The PRO Act would significantly limit an employer’s ability to present their side of the story in representation cases.  Expanded unfair labor practices would await the employer at every turn.  The original doctrine of the Act “to eliminate the causes of certain substantial obstructions to the free flow of commerce”, would be upended by legalized intermittent strikes and secondary boycotts.  In addition, the PRO Act would make permanently replacing striking employees an unfair labor practice. 

6. Being Persuasive Has Consequences

The “persuader rule”, originally introduced during the Obama administration, would be revived under the PRO Act.  This rule refers to the use of labor consultants who are often brought in during organizing campaigns to support the employer and either give advice to the employer or meet with employees.  The PRO Act would also make requiring employees to participate in meetings, training, town halls, or other activities during an organizing campaign an unfair labor practice. 

7. Who Really Works for Me?

Much has been discussed regarding the ABC Test for independent contractors, especially as it relates to individuals in the gig economy.  The PRO Act incorporates California’s AB-5 language but does not include the exemptions California was forced to recognize because of the impact on its economy.  In addition to the damage this will cause to the overall economy, many workers would be targets for unionization.  The Biden administration took immediate action against the Trump administration’s joint employer rule.  In July of this year, the Biden DOL announced that under the FLSA, “an employee can have more than one employer for the work they perform.  Joint employment applies when for the purpose of minimum wage and overtime requirements – the department considers two separate companies to be a worker’s employer for the same work.”  The final rule went into effect on September 28, 2021. 

8. Get a Calculator – The Fines Keep Adding Up

If you have worked in an organized labor environment, you have seen arbitration awards granting back pay.  The PRO Act brings new dimensions to the term “back pay” with front pay provisions, consequential damages, and liquidated damages.  Punitive damages, attorney’s fees, and penalties up to $100,000 for each violation.  The PRO Act also imposes personal liability on “any director or officer of the employer who directed or committed the violation, had established a policy that led to such a violation or had actual or constructive knowledge of the authority to prevent the violation and failed to prevent the violation.”  Those decisions are determined by the NLRB, which by the way, is majority pro-labor during the Biden administration. 

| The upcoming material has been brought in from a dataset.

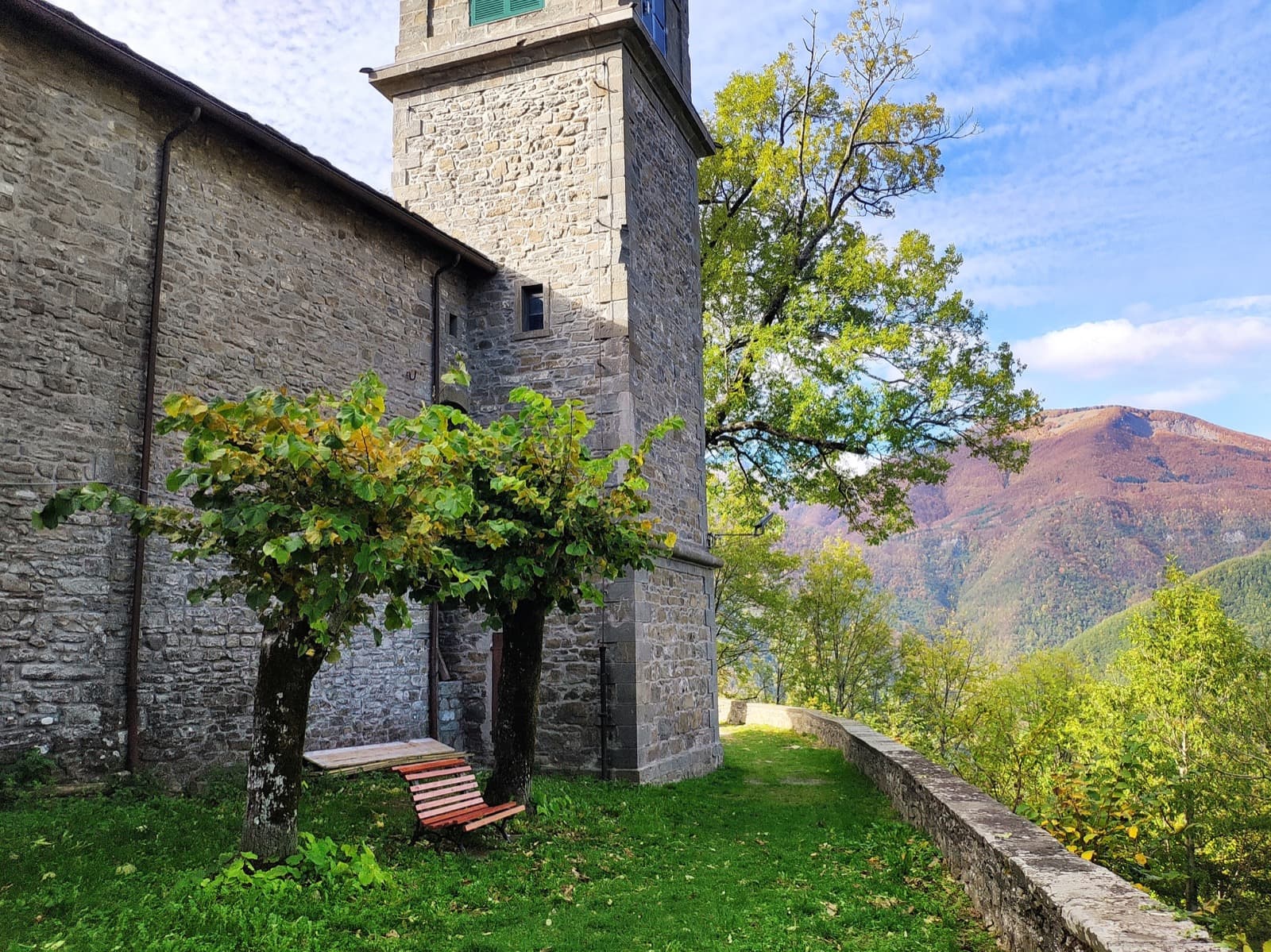 Foliage al Corno alle Scale: Anello da Monte Acuto delle Alpi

9. Things Are Looking Very Lopsided

Employers have utilized a number of measures to counter organizing campaigns or negotiate a new agreement.  Maintaining existing terms and conditions of employment pending a new agreement becomes a requirement under the PRO Act.  Preventing the use of your email servers for organizing activities also becomes an unfair labor practice if the PRO Act becomes law. 

In the midst of spending battles in Washington, the pandemic, immigration issues, and foreign policy challenges, the PRO Act is not sleeping quietly.  It sits in the Senate’s Committee on Health, Education, Labor & Pensions and will eventually come to a Senate vote in one form or another.  The AFL-CIO website states, “Our nation’s labor laws are woefully outdated and have become ineffective as a means for working people to have our voices heard.” Labor is marketing this piece of legislation aggressively with media ads across all platforms promoting it to build back from the pandemic.  “Woefully outdated” or “antiquated”, terms meaning the same but used by both sides of the labor coin.  Have you evaluated the potential impact to your organization if any of these nine scenarios were to happen?  And most importantly, how are you leading and taking care of your people so that external representation isn’t a consideration or is no longer needed?  Time to evaluate and act; waiting comes at an enormous cost.